- [REQUIRED WORK] Look below for the line containing "5 Dusting Court, Portland VIC 3305". Write out that line and the rest through the last one, exactly as they appear, but without pictures.

- [SUPPLIED RECORDS]
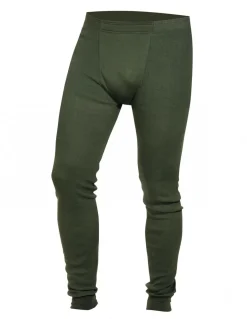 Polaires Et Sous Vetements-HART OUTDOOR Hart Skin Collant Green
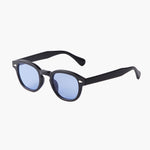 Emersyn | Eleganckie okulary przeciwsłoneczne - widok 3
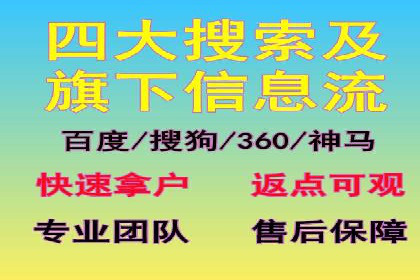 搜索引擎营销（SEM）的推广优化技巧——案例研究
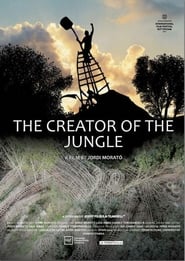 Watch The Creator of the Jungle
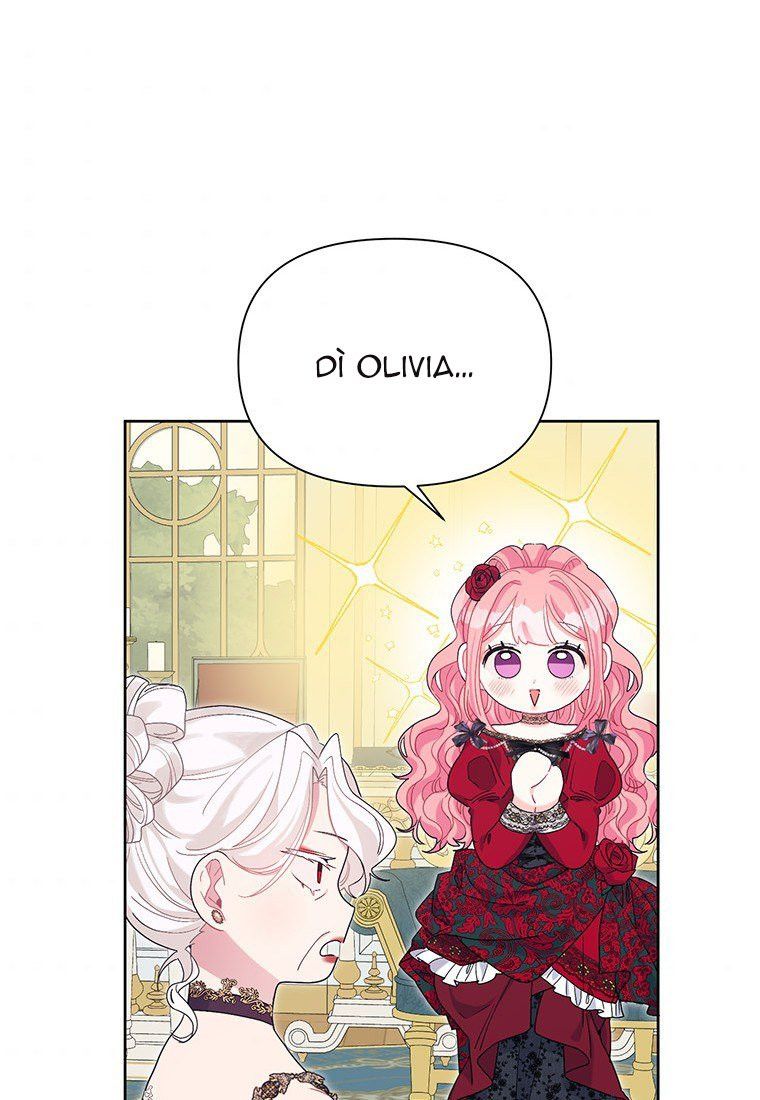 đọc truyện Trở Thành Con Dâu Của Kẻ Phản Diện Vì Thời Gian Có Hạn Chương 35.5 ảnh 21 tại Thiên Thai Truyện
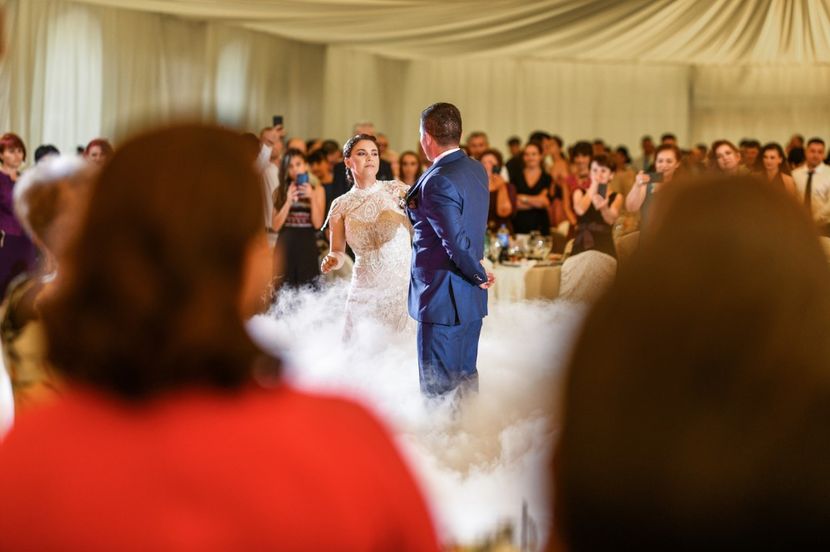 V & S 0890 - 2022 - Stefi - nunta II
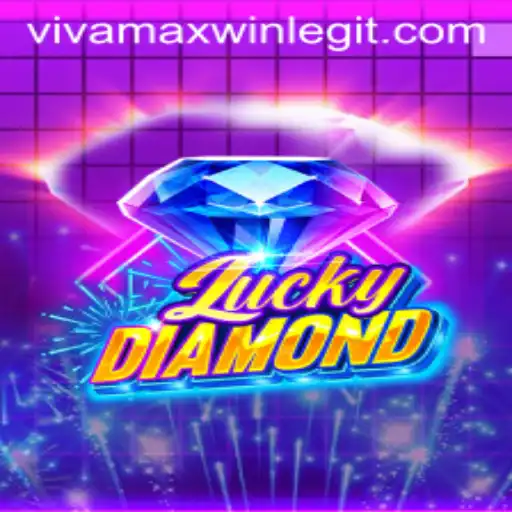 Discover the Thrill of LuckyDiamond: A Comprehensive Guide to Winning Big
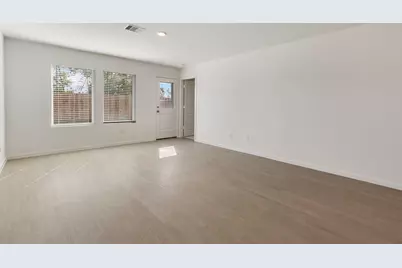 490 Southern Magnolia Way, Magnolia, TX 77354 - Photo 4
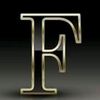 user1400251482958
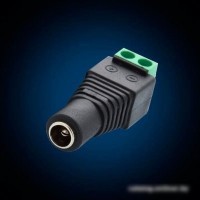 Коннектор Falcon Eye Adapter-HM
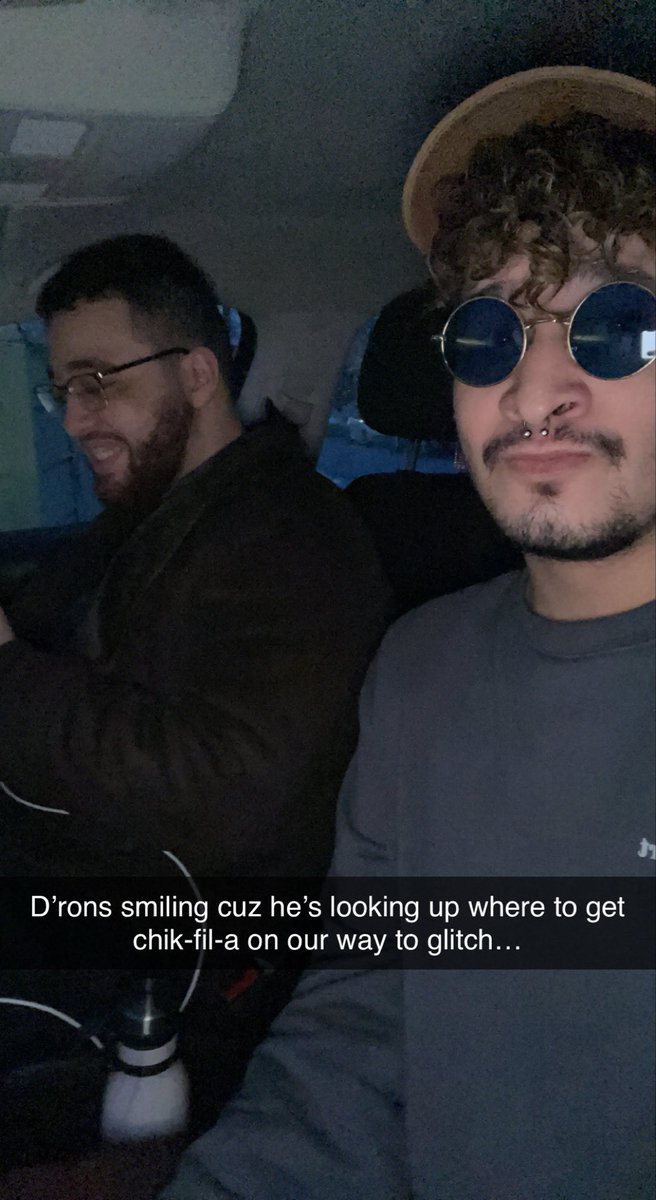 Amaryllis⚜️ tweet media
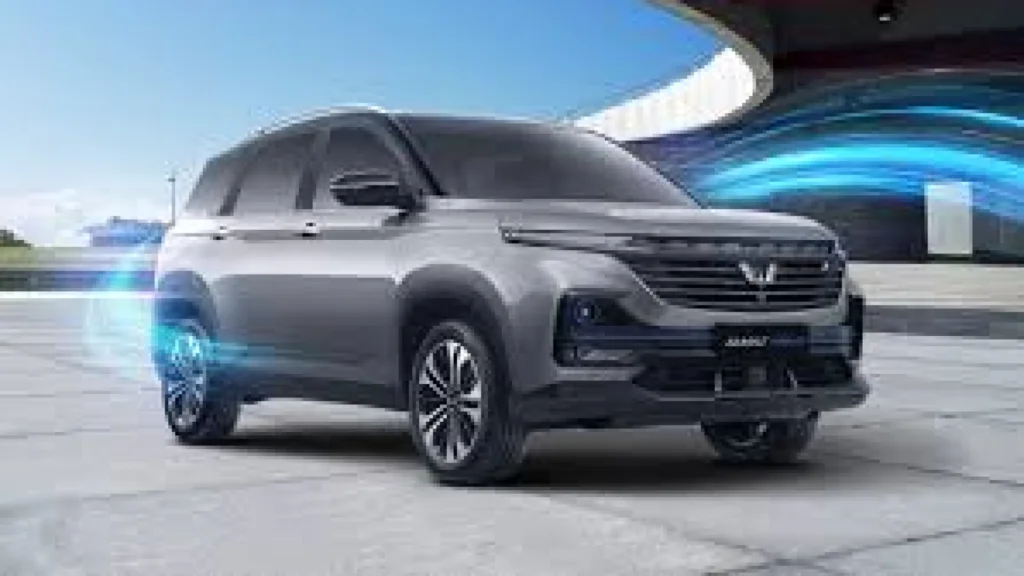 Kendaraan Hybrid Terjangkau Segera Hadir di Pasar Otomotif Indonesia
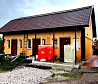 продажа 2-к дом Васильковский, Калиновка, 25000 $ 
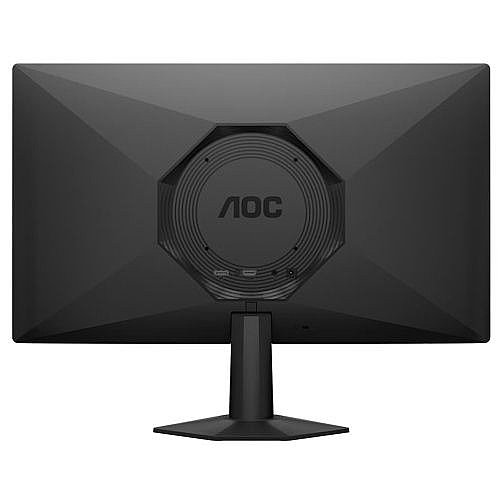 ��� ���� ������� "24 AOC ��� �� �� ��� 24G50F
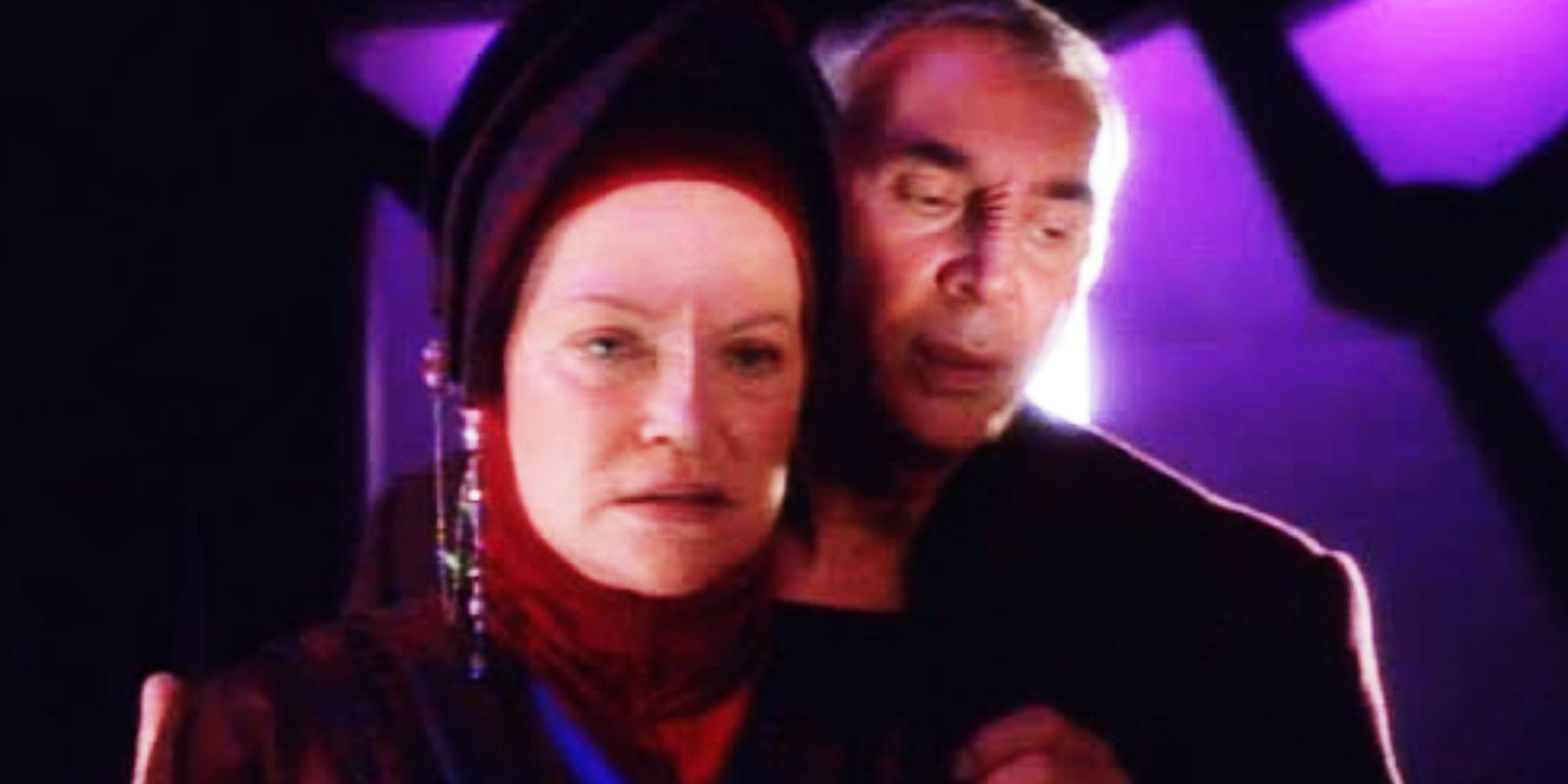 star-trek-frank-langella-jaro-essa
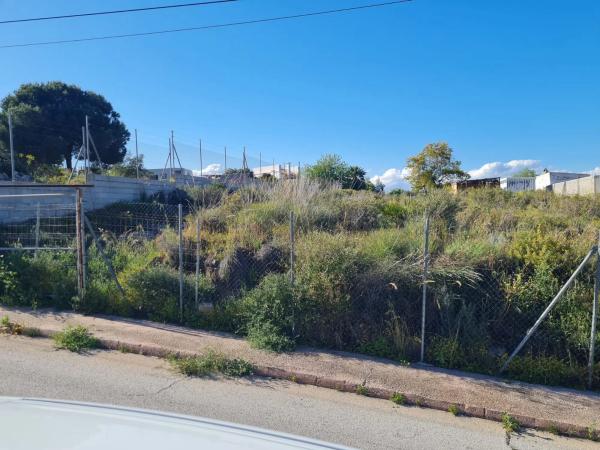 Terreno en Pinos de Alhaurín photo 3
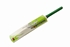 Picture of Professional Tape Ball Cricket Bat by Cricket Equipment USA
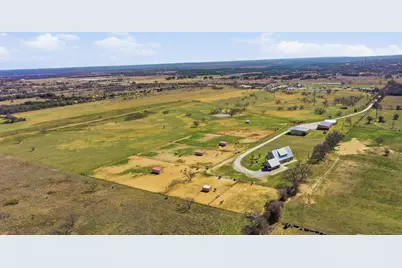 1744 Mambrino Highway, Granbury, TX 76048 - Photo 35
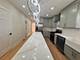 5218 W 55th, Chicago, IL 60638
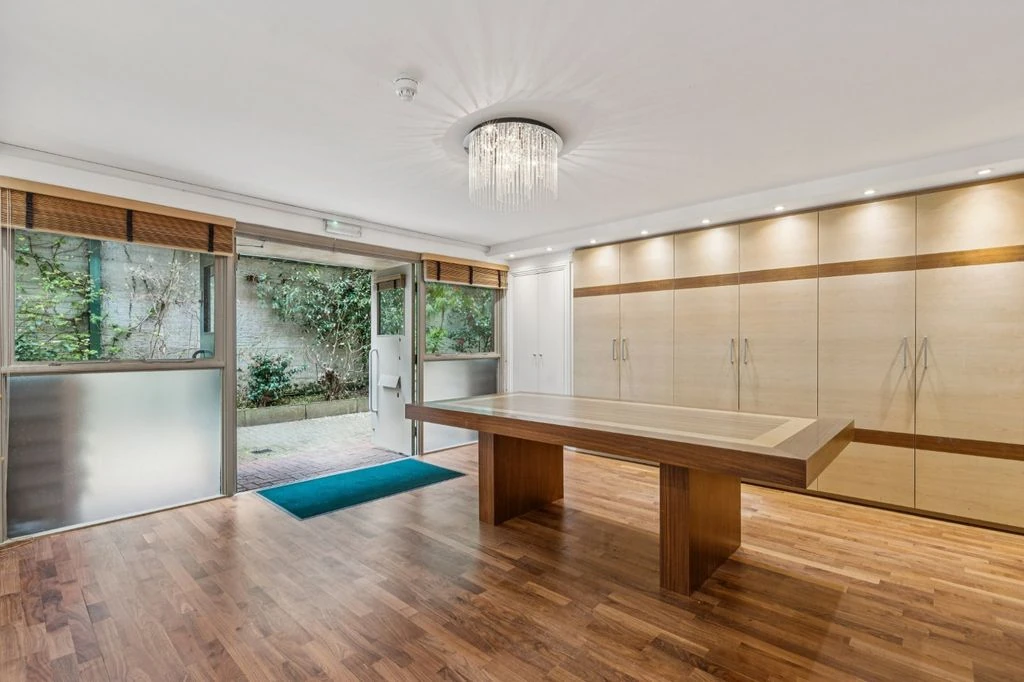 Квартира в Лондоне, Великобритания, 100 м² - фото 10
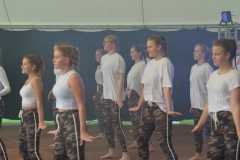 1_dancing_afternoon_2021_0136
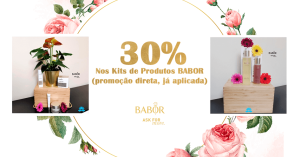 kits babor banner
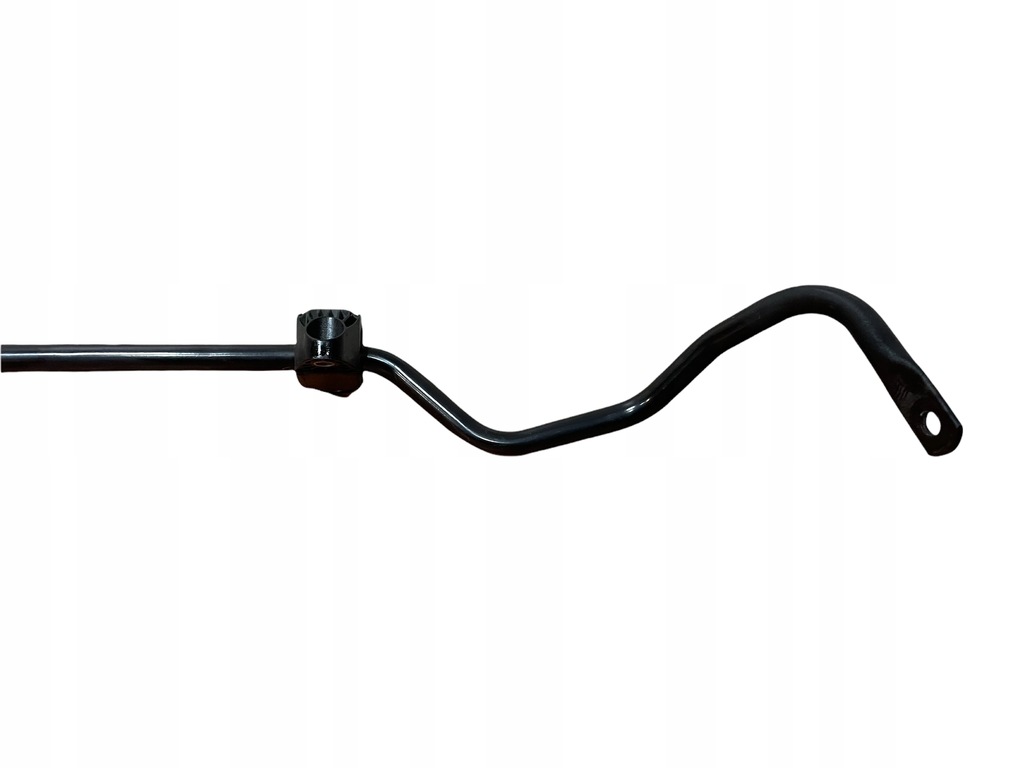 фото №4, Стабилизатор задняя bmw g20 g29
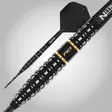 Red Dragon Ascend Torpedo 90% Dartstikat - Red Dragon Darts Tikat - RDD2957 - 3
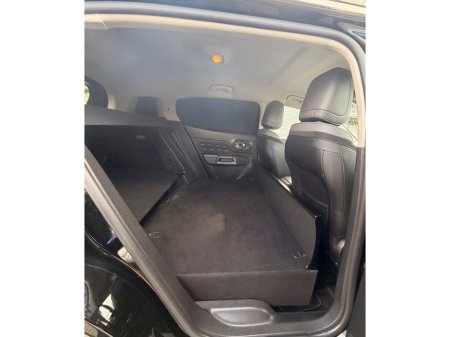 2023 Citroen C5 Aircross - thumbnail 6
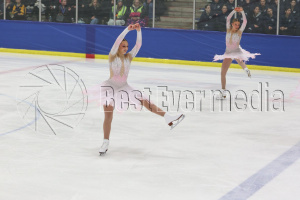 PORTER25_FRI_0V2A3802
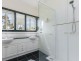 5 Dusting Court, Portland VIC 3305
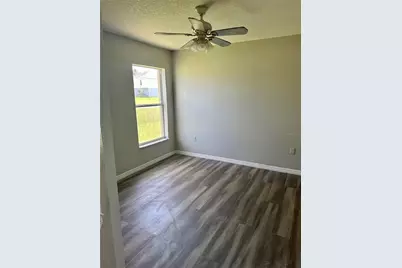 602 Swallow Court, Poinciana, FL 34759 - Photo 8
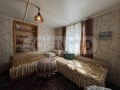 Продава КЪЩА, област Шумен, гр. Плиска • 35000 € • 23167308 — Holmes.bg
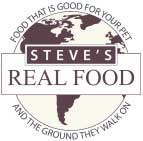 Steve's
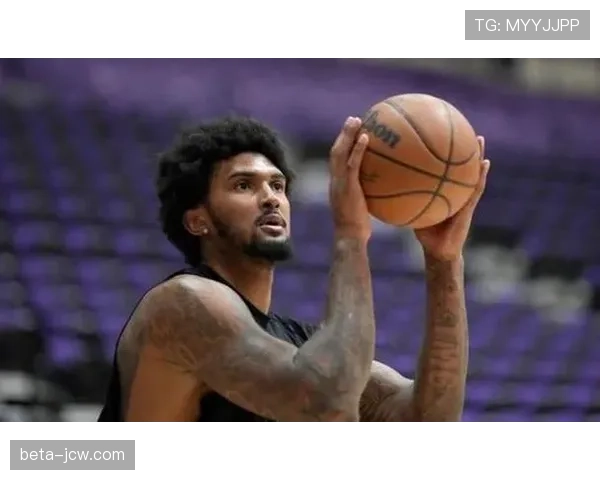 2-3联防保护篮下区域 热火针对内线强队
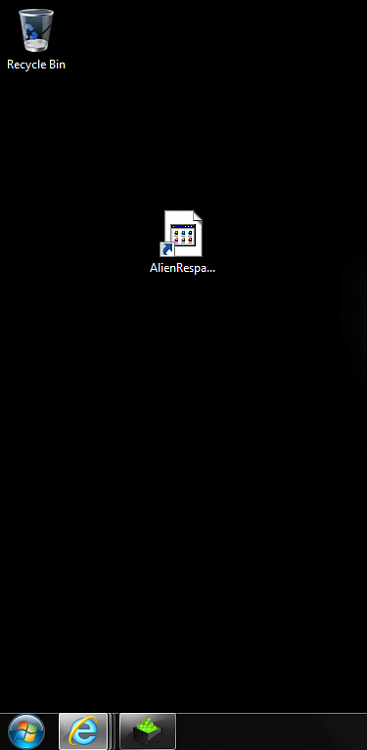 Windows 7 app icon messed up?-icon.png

- [OUTPUT BELOW]
 5 Dusting Court, Portland VIC 3305
 602 Swallow Court, Poinciana, FL 34759 - Photo 8
 Продава КЪЩА, област Шумен, гр. Плиска • 35000 € • 23167308 — Holmes.bg
 Steve's
 2-3联防保护篮下区域 热火针对内线强队
 Windows 7 app icon messed up?-icon.png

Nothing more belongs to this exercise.